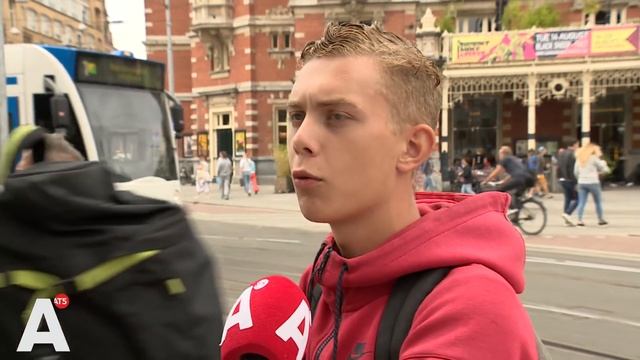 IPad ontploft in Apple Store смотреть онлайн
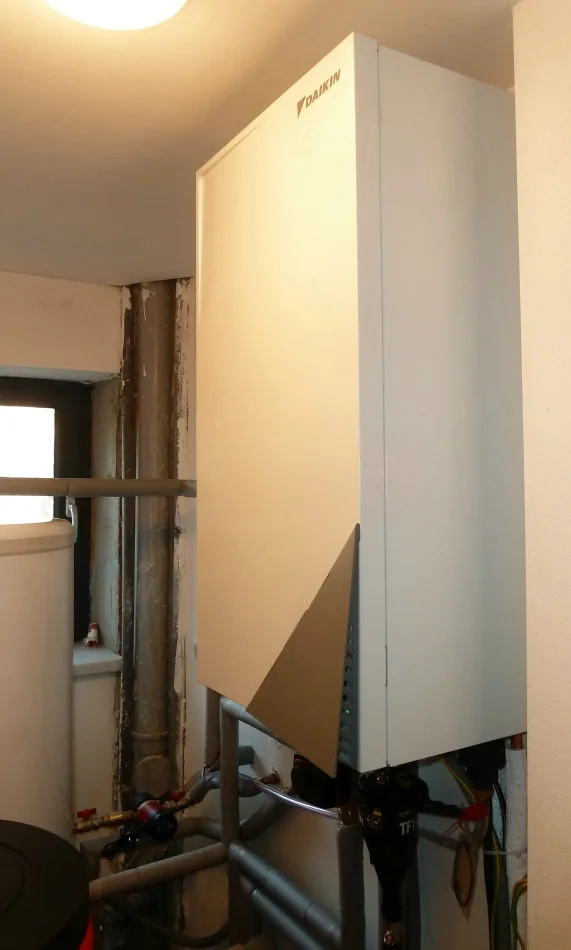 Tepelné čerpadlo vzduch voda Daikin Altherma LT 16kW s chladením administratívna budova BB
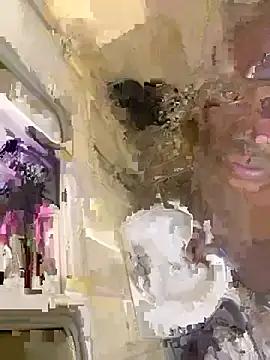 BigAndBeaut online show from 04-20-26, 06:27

WORK TO BE COMPLETED
The listing above must be restated word for word. Its pictures are to be left out.

EXERCISE ANSWER
 IPad ontploft in Apple Store смотреть онлайн
 Tepelné čerpadlo vzduch voda Daikin Altherma LT 16kW s chladením administratívna budova BB
 BigAndBeaut online show from 04-20-26, 06:27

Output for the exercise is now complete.